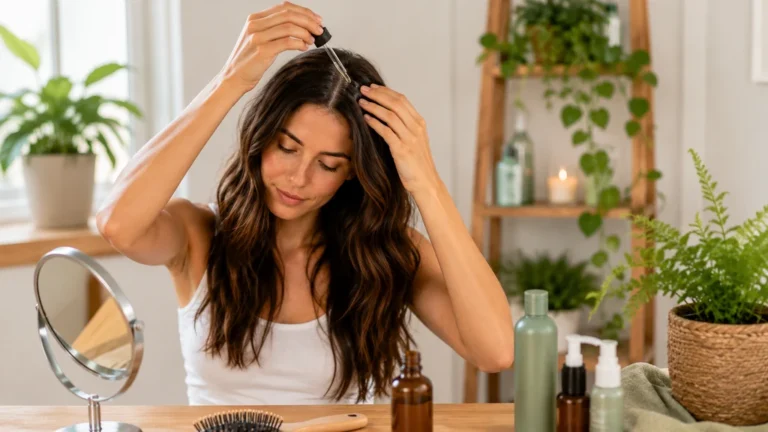 Femme appliquant un soin sur son cuir chevelu pour faire pousser ses cheveux plus vite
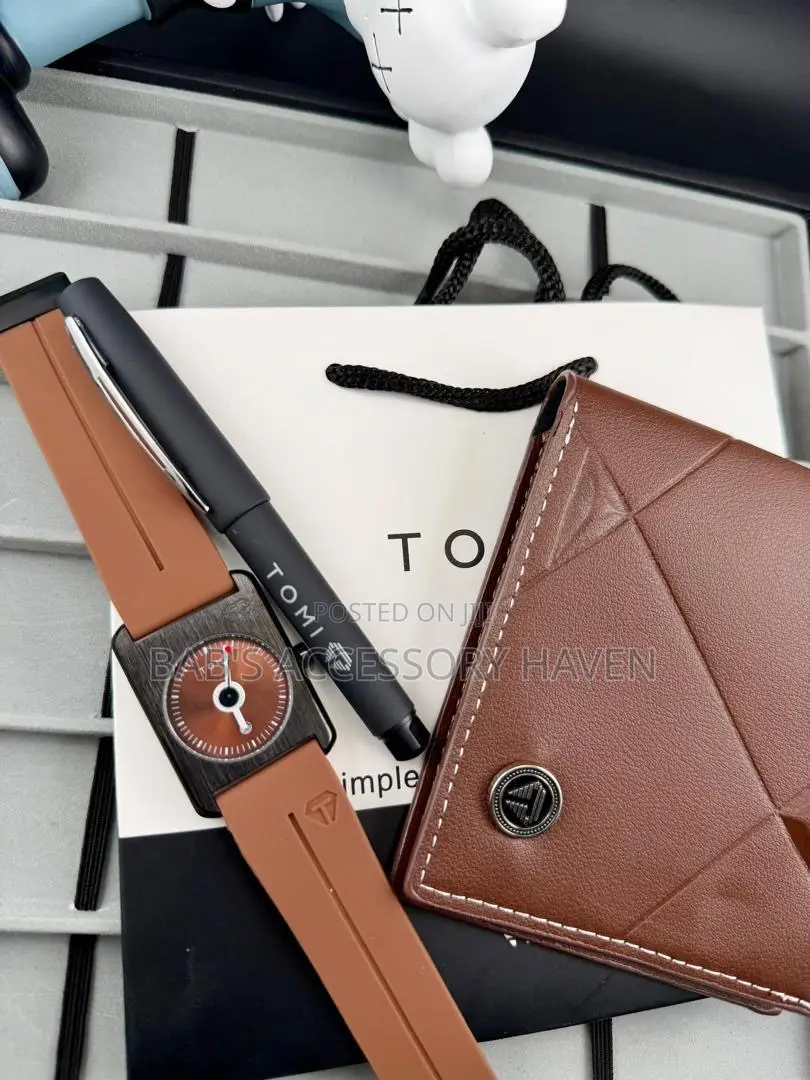 Tomi Rubber Watch + Classic Wallet + Sleek Pen + Box_
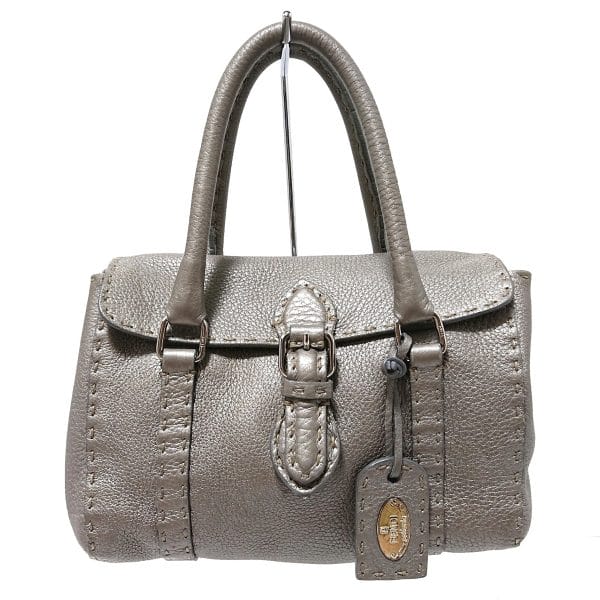 37898079 1 Fendi Linda Bag Selleria Leather Handbag Gray Beige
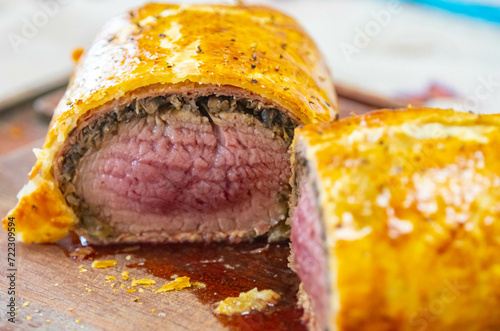 Traditional beef wellington cooked to perfection photo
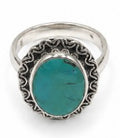 Aqua Color Natural Stone 925 Sterling Silver Oval Winged Adjustable Ring by Hebron J.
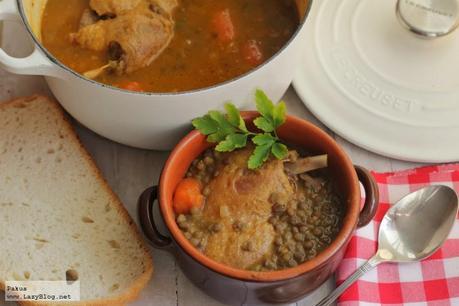 Receta de lentejas al curry con confit de pato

### TASK
Set down all of the entries exactly as they appear, but keep the images out.

### EXERCISE RESULT
 Femme appliquant un soin sur son cuir chevelu pour faire pousser ses cheveux plus vite
 Tomi Rubber Watch + Classic Wallet + Sleek Pen + Box_
 37898079 1 Fendi Linda Bag Selleria Leather Handbag Gray Beige
 Traditional beef wellington cooked to perfection photo
 Aqua Color Natural Stone 925 Sterling Silver Oval Winged Adjustable Ring by Hebron J.
 Receta de lentejas al curry con confit de pato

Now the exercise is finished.